# Bath Salt Color Tests



## Chalk Creek (Dec 1, 2007)

Hi.  I've been wanting to color my bath salts with all natural plant materials (my customers don't want any food coloring or other artificials).  Here's what I've come up with.  These were all ground very fine and just a couple drops of distilled water added.  Each sample here is about 2 Tbslp of Epsom salt.  These will be added to larger batches with EO's.  Next is a test in the bath to make sure I don't turn into these colors.    :wink:  

Clockwise from top (bluish) Elderberry,  (yellow) Tumeric, (green speckled) kelp granules, (pink) Hisbiscus flowers, (green) Spirulina.


----------



## Tabitha (Dec 2, 2007)

The green, yellow & pink are very vibrant!


----------



## Chalk Creek (Dec 3, 2007)

I was amazed at how bright they are.  I mixed them with uncolored salts (about 1/4 to 1/3 of the colored) and the results are just beautiful.


----------



## Zenobiah (Dec 4, 2007)

That is so cool!

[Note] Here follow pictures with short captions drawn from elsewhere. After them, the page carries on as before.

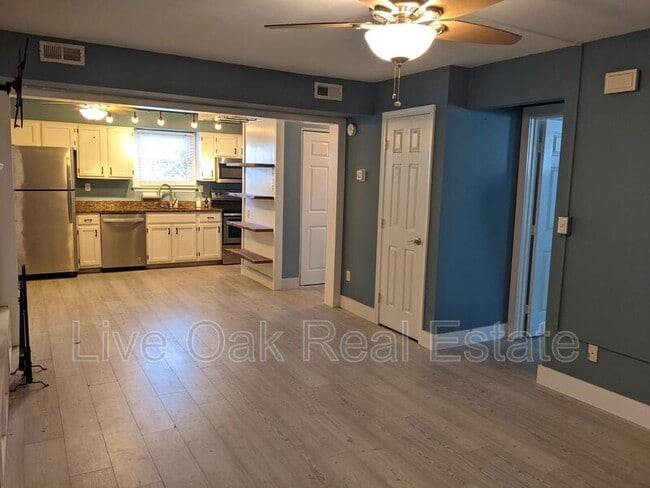 Foto del edificio - 1311 E Ocean View Ave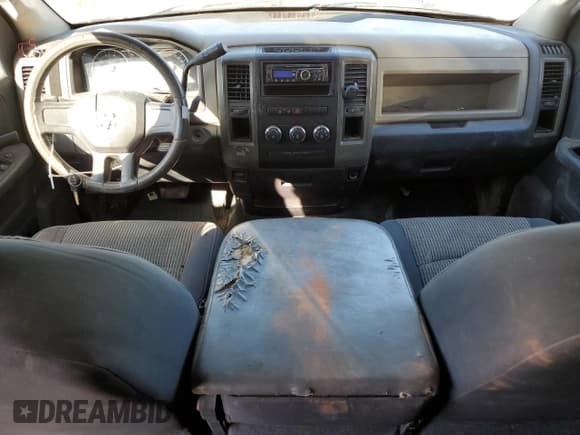 ✅ 2009 Dodge 1500 SLT • VIN: 1D3HB18P09S793216 • Lot: 48635255. Wystawiony na Copart z przebiegiem 202 182 mil. Bezpłatny archiwum sprzedaży aukcyjnych z USA i szczegółowy raport historii pojazdu na DreamBid. Zdjęcie 8.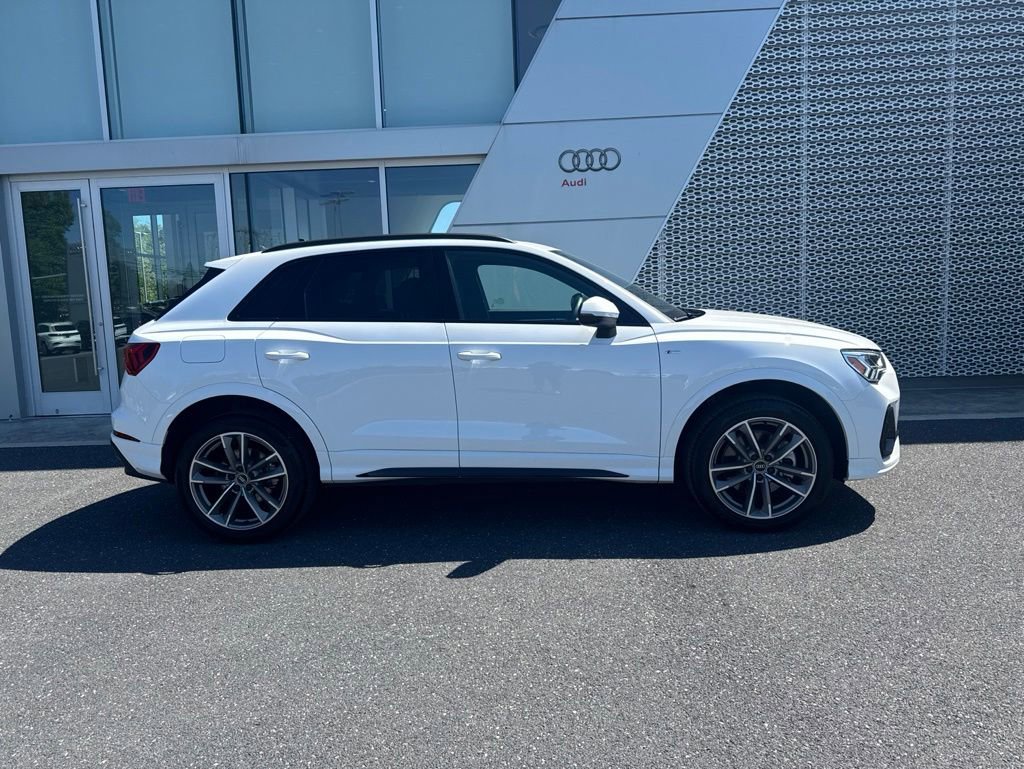 Certified 2025 Audi Q3 2.0T Premium w/ Convenience Package AWD/4WD image 3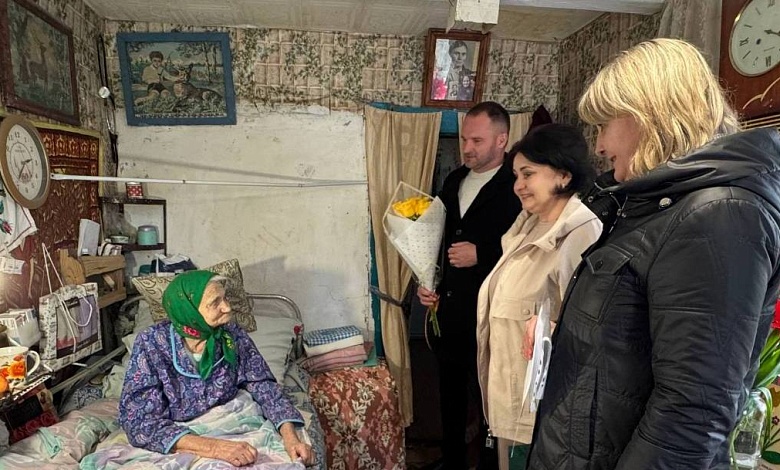 Со 100-летним юбилеем поздравили жительницу агрогородка Полесский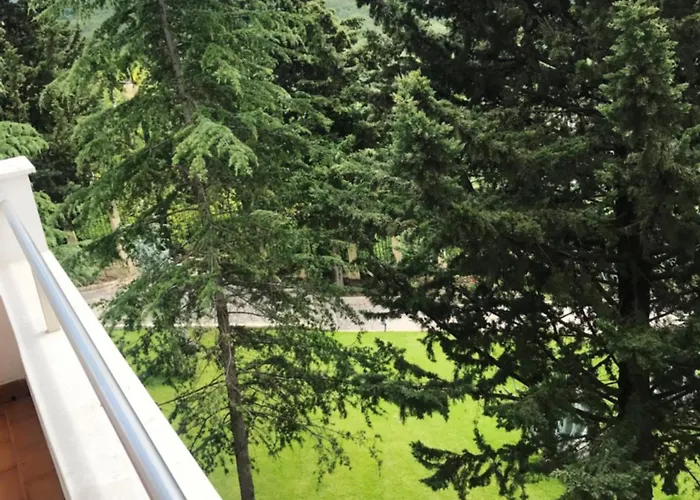 Chateau Linza Hotel 4*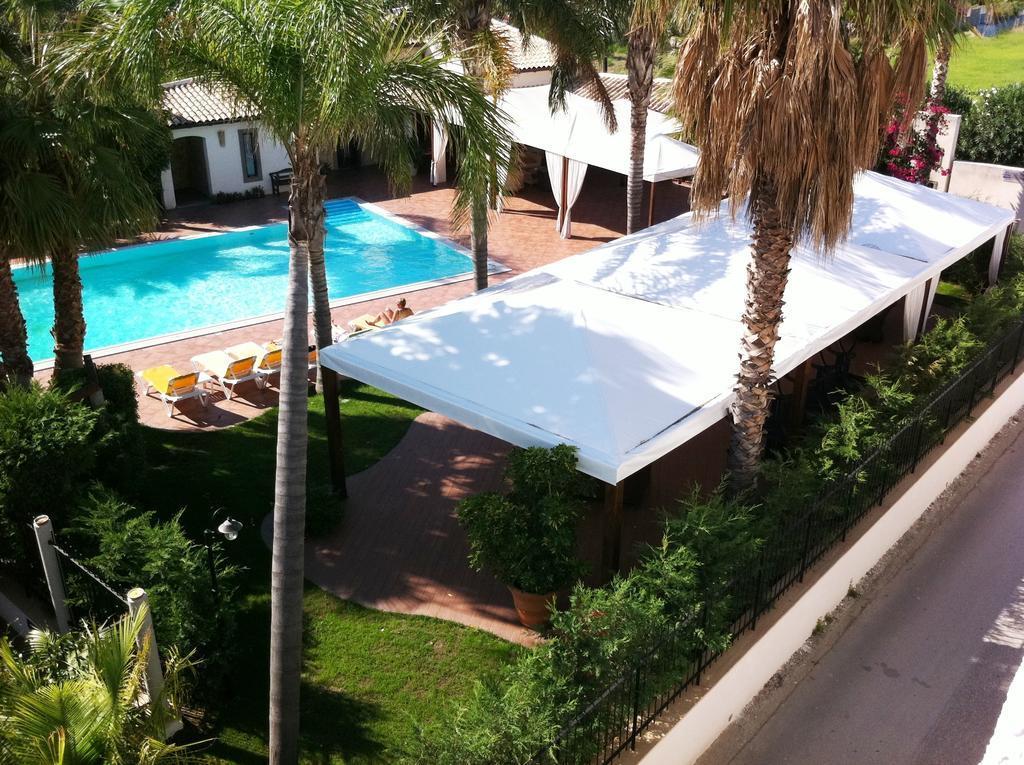 Hotel Redebora Torregrotta ภายนอก รูปภาพ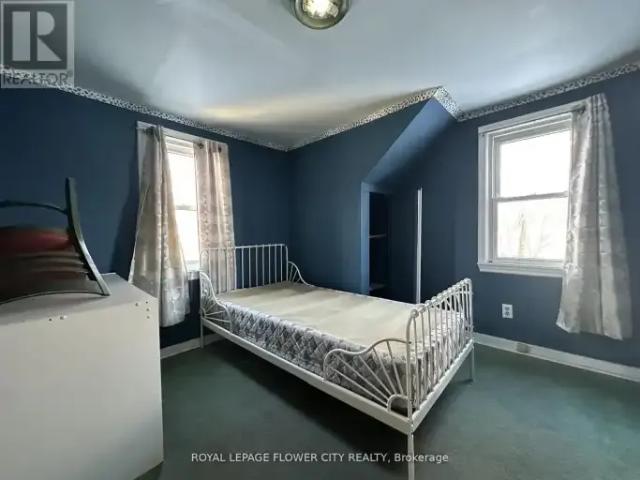 For Rent 5 Bedroom House Windsor ON DS100444820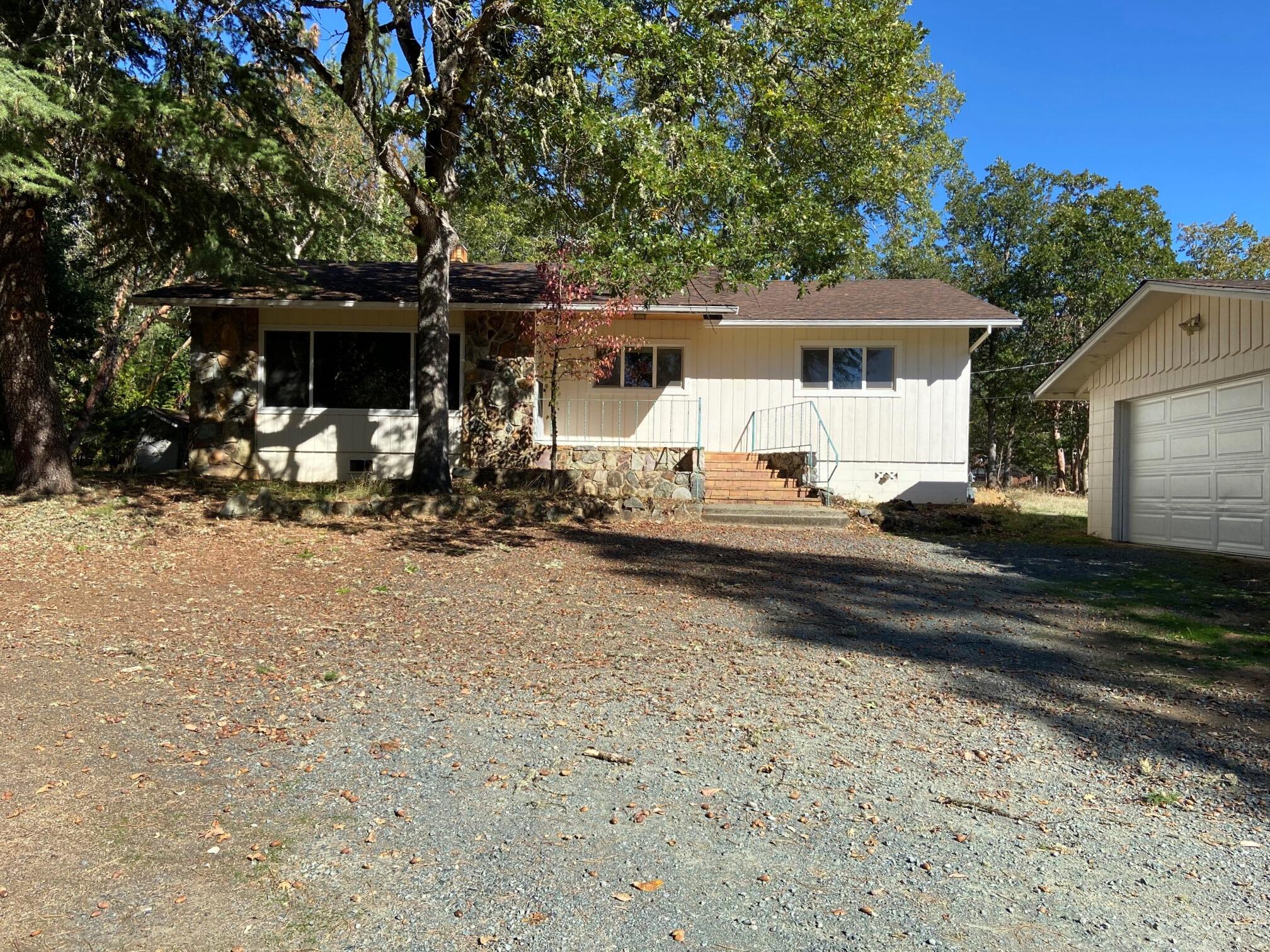 433 Soldier Creek Road Grants Pass, OR 97526 - Photo 2 of 44 IMG_0568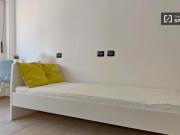 Condiviso/Compagno Di Stanza 4 camere da letto, Milan...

I didn't know you could use natural colorant with bath salt too!


----------



## freshwater pearl (Dec 4, 2007)

Those are beautiful!  I love the hibiscus!


----------



## Chalk Creek (Dec 5, 2007)

Freshwater, I learned (by accident) a neat thing about the hibiscus.  It stays vibrant pink in plain salt, just beautiful.  But add even a touch of baking soda and it turns a perfect lavender shade.  Much better and easier to make than the elderberries.  It is really pretty.  I'll try and get a pic of it as well.


----------



## Bret (Dec 5, 2007)

These are just beautiful!


----------



## freshwater pearl (Dec 5, 2007)

That's great to know!  I definitely have to try this!!

Kerry


----------



## punkflash54 (Dec 16, 2007)

awesome bright colors!


----------



## gbtreasures (Dec 26, 2007)

The colors are beautiful!  Do you plan on adding a preservative also??

Thanks!


----------



## sofietje (Dec 27, 2007)

Wow, that looks very good !


----------